» **Task objective**
Starting at the top of the entries below, set down each line exactly as written, and stop after the line containing "Building Photo - 1627 Crooked River".

─── Supplied material

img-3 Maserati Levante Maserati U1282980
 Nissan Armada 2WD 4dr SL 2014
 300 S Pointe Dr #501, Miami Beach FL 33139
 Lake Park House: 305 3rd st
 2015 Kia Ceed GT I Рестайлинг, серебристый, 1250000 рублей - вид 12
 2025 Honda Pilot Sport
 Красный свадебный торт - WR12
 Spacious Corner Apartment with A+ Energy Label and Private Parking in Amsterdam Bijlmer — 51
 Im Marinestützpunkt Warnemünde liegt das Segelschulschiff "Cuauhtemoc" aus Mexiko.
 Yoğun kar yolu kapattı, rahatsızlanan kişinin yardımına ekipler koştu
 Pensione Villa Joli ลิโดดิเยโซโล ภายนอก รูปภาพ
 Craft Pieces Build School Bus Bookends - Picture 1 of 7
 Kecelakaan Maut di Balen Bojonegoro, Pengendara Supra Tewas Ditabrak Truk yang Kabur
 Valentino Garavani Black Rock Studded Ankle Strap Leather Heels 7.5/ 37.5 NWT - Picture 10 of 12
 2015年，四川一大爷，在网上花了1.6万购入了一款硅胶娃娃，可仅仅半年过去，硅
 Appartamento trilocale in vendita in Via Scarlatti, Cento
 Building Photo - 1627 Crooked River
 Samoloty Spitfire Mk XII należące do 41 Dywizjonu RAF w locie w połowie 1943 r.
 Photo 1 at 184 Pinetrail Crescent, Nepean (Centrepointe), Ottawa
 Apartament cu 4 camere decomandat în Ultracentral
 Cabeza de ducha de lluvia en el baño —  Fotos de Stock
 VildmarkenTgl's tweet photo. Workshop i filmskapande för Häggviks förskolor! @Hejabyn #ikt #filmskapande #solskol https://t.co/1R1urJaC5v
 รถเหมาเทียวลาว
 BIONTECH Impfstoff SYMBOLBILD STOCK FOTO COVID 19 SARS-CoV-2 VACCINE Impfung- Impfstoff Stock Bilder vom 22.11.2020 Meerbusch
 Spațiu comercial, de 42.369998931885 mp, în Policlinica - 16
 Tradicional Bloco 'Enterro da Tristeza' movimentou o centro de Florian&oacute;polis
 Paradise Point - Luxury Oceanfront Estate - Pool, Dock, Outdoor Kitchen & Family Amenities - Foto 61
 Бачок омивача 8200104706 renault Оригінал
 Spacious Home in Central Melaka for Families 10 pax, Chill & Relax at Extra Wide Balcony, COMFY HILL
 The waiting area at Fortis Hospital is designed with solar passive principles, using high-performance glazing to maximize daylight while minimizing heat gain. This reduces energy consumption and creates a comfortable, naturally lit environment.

──────

» **Exercise solution**
img-3 Maserati Levante Maserati U1282980
 Nissan Armada 2WD 4dr SL 2014
 300 S Pointe Dr #501, Miami Beach FL 33139
 Lake Park House: 305 3rd st
 2015 Kia Ceed GT I Рестайлинг, серебристый, 1250000 рублей - вид 12
 2025 Honda Pilot Sport
 Красный свадебный торт - WR12
 Spacious Corner Apartment with A+ Energy Label and Private Parking in Amsterdam Bijlmer — 51
 Im Marinestützpunkt Warnemünde liegt das Segelschulschiff "Cuauhtemoc" aus Mexiko.
 Yoğun kar yolu kapattı, rahatsızlanan kişinin yardımına ekipler koştu
 Pensione Villa Joli ลิโดดิเยโซโล ภายนอก รูปภาพ
 Craft Pieces Build School Bus Bookends - Picture 1 of 7
 Kecelakaan Maut di Balen Bojonegoro, Pengendara Supra Tewas Ditabrak Truk yang Kabur
 Valentino Garavani Black Rock Studded Ankle Strap Leather Heels 7.5/ 37.5 NWT - Picture 10 of 12
 2015年，四川一大爷，在网上花了1.6万购入了一款硅胶娃娃，可仅仅半年过去，硅
 Appartamento trilocale in vendita in Via Scarlatti, Cento
 Building Photo - 1627 Crooked River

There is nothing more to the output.